Rocket.Chat is an open-source communication platform that supports self-managed, cloud-hosted, and air-gapped deployments. It includes the core collaboration features expected from a Slack alternative, including channels, direct messaging, threaded conversations, file sharing, search, integrations, and voice and video capabilities. The platform is also designed to support organizations with strict data sovereignty and security requirements through specialized deployment options.
Like most open-source collaboration platforms, Rocket.Chat follows a self-managed deployment model. Organizations are responsible for deploying, operating, upgrading, monitoring, and maintaining the platform.
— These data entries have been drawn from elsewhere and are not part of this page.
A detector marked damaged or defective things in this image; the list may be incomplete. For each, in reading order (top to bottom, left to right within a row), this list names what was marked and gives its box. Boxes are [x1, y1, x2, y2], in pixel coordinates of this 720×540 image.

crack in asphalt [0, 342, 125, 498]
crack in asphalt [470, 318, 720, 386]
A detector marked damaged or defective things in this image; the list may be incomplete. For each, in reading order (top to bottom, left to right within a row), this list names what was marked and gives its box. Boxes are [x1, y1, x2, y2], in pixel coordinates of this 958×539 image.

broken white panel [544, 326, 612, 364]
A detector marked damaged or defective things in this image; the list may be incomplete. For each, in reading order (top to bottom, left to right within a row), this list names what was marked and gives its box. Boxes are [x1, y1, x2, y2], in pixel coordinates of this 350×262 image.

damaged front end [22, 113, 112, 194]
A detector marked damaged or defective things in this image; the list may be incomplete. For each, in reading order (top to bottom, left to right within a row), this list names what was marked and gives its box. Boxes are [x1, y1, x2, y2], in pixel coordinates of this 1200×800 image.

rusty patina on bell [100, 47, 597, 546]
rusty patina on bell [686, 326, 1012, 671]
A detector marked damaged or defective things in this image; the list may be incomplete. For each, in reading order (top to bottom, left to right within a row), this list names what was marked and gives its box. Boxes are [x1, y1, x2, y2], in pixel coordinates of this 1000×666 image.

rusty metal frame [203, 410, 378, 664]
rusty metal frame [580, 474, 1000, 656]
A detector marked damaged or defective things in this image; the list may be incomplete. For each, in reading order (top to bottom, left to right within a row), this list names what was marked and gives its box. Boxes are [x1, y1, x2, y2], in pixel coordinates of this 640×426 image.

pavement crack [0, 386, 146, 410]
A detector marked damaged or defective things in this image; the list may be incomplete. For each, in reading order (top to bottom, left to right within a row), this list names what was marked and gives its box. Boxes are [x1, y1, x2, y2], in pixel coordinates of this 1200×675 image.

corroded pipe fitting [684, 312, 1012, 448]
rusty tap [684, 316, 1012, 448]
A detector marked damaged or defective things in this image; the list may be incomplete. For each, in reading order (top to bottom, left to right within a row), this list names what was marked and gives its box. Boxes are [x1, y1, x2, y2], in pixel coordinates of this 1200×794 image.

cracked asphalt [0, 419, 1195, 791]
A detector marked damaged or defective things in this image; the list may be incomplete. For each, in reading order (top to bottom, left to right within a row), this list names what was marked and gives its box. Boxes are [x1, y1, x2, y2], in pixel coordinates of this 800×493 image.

Commercial support and premium subscriptions are available for organizations that require enterprise features, larger deployments, or specialized environments.
Key features
Self-managed, cloud-hosted, and air-gapped deployment options
Open-source (MIT-licensed) platform
Channels, direct messaging, threaded conversations, and file sharing
Voice and video communication
Marketplace apps, APIs, webhooks, and bot framework
Enterprise authentication including LDAP, Active Directory, SSO, and MFA
Administrative controls for governance and compliance
Federation support through Matrix and XMPP bridges for interoperability
Deployment options
Rocket.Chat supports multiple deployment models depending on organizational requirements:
Self-managed on-premises
Private or public cloud
Air-gapped environments (commercial plans)
Vendor-managed cloud deployments
Pros
Supports a wide range of deployment models, including highly secure and air-gapped environments.
Broad collaboration feature set with messaging, meetings, integrations, and federation support.
Flexible platform with extensive customization through apps, APIs, and integrations.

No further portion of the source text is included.